With all configuration settings in the zk-STARK protocol library, we found it sensible to benchmark the performance differences between these configurations. While we discovered that our default configuration may not have been optimal, we remarked that this realistically did not impact the conclusion from the comparisons between the protocols. Furthermore, we observed that the configuration parameter values which were individually optimal did not exactly provide the best possible performance when combined. We claimed this to be a result of the complexity of the inner working of the protocol and stated our suggestion to evaluate several configurations that fit the context when utilizing zk-STARKs in an application use case.
Regarding the security level of the protocols, we identified evidence that the performance on this aspect between the protocols did not deviate for our chosen configurations. With that said, this finding was inconclusive given that three of the four protocol implementing libraries did not include a method to obtain such security level metric. As such, we had to supplement our findings with complementary data from research works by other authors.
8.2. Recommendations
Reflecting on the obtained results from
Section 6, and the discussion that subsequently ensued in
Section 7, in this section we strive to provide some recommendations on which application contexts we would recommend utilizing each protocol.

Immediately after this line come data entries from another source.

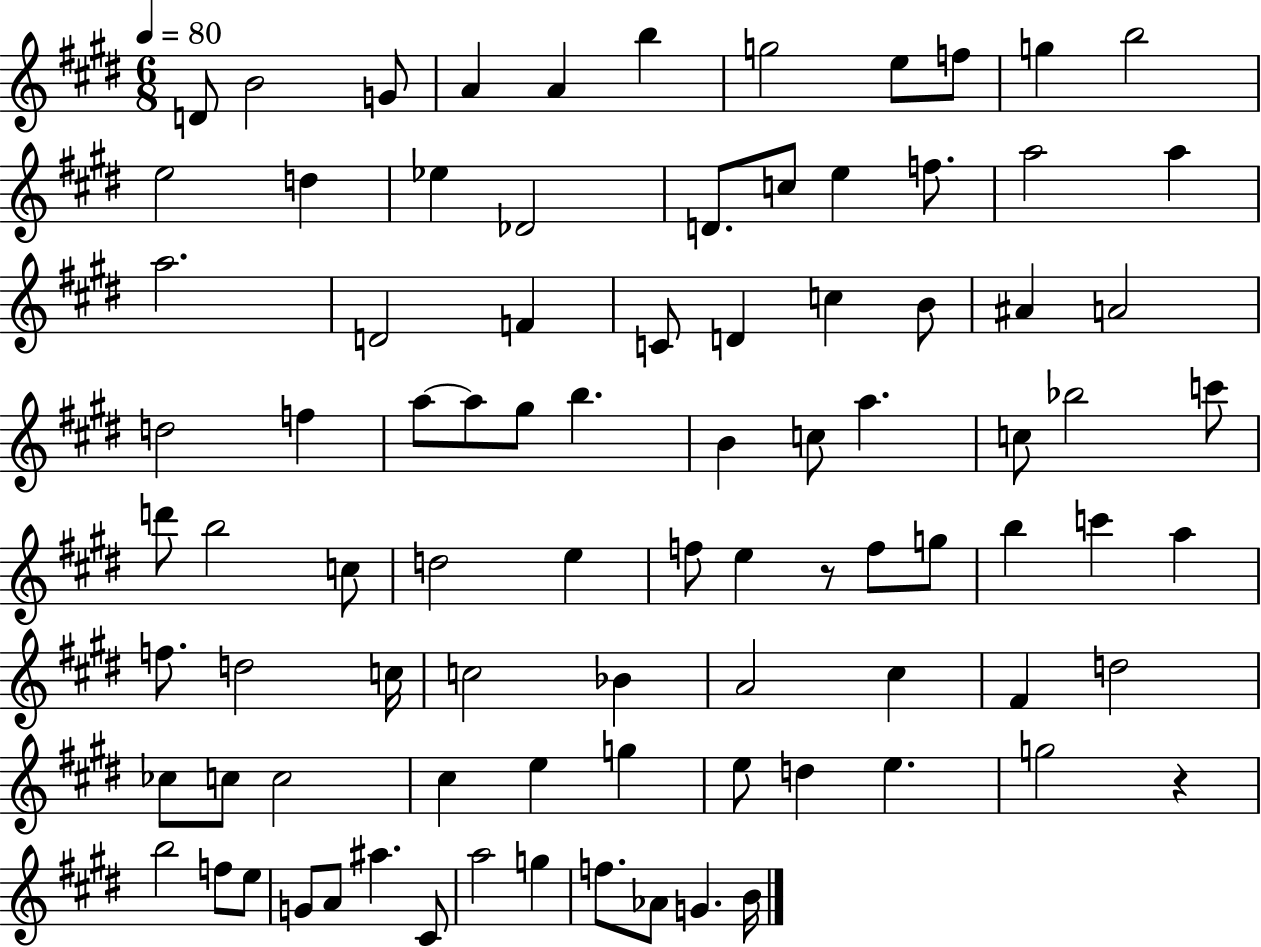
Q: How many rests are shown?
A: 2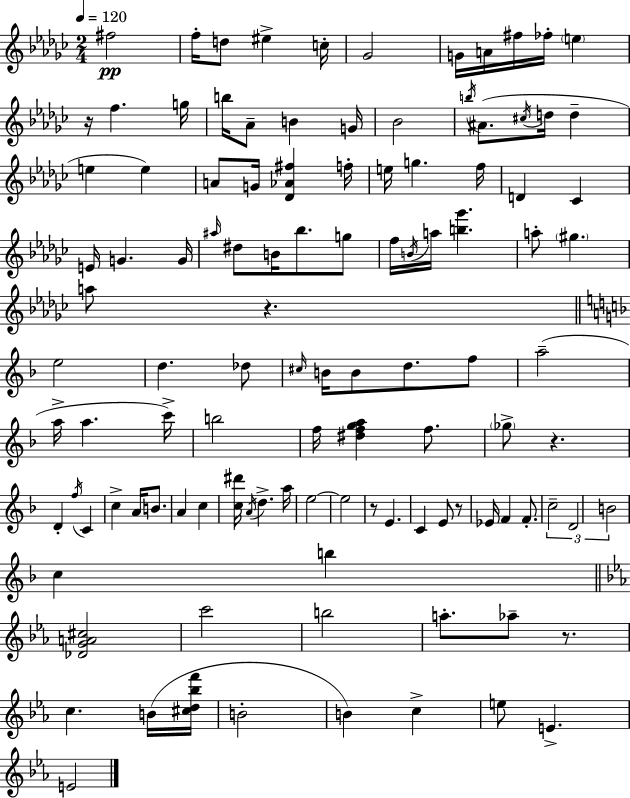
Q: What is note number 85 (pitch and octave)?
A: B4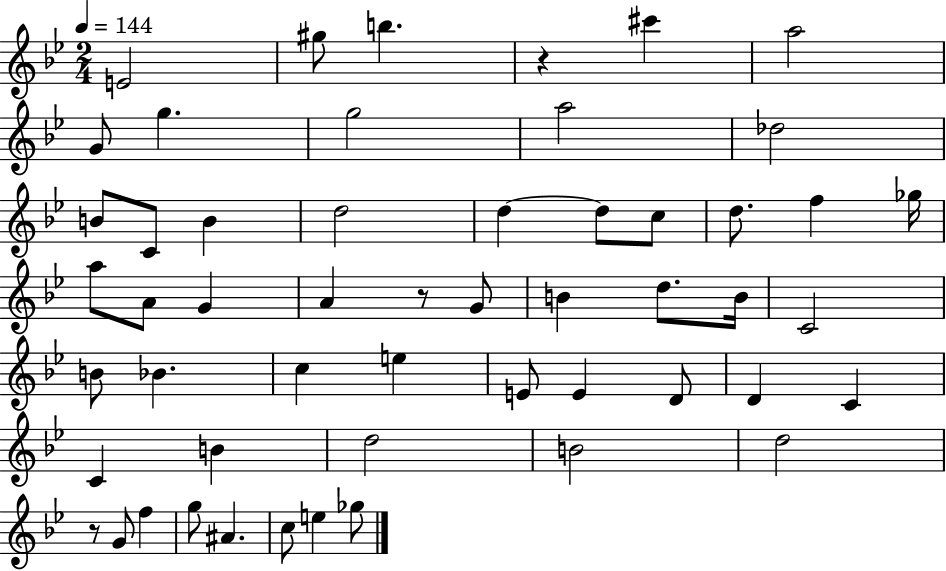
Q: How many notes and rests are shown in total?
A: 53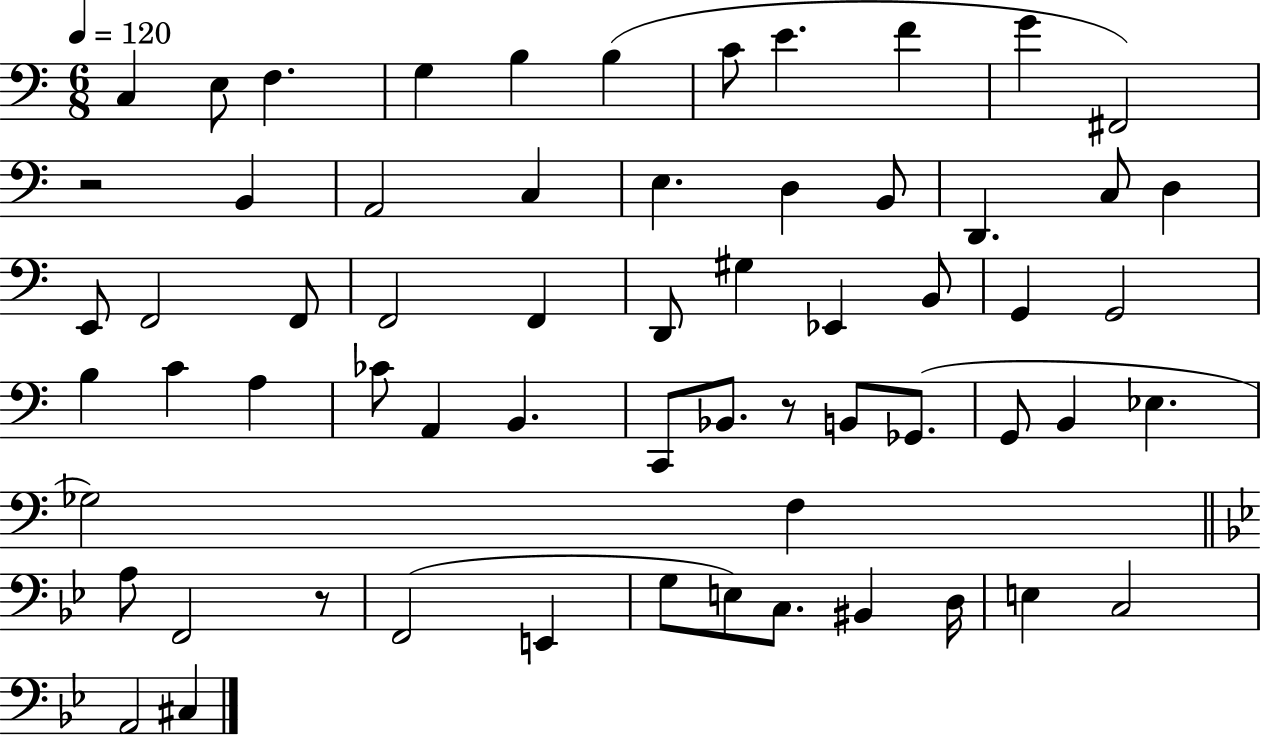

We start with the zk-SNARK protocol. The two implementations for this protocol showed the smallest proof size, in addition to the proof size itself being constant. The small proof size makes this protocol a great contender for applications where either storage space is limited, or where the network connection has a restricted capacity or transfer speed. An example of a situation where storage space is limited is in blockchain systems, for which we can see zk-SNARK protocol already in use in e.g. ZCash [
45]. Limited network connections, on the other hand, are a reality for Low Power Wide Area Networks (LPWANs), often used in Internet of Things (IoT) applications and sensor networks where the devices are in a remote location and have low power requirements [
46]. The small and constant size of the SNARK proofs, especially those created by the Rust implementation, make the zk-SNARK protocol a good protocol to consider for these kinds of applications. Furthermore, as benchmarked, creating a SNARK proof is not much more compute intensive than creating a STARK proof, which is beneficial for the IoT application where devices and sensors are often low powered devices with little compute power. The most important consideration to make before applying the zk-SNARK protocol, even for these applications, is whether the requirement for a trusted setup is acceptable. There are sparks of hope to apply the zk-SNARK protocol in situations where a trusted setup is unacceptable. Researchers have recently created new SNARK backend techniques, including SuperSonic [
47] and Halo [
48], that do not require a trusted setup in certain situations. ZCash currently uses a Halo 2 zk-SNARK backend [
49] in their network, which according to them eliminates the trusted setup requirement. As it currently stands, however, the trusted setup is a definite requirement in the Groth16 backend implementation used by both the Rust and Go zk-SNARK protocol libraries benchmarked in this work. We therefore recommend investigating the use of the zk-SNARK protocol for applications where the proof size is a key factor, including blockchain and IoT applications, yet to ensure that the trusted setup requirement to obtain a CRS is not a hindrance in said application.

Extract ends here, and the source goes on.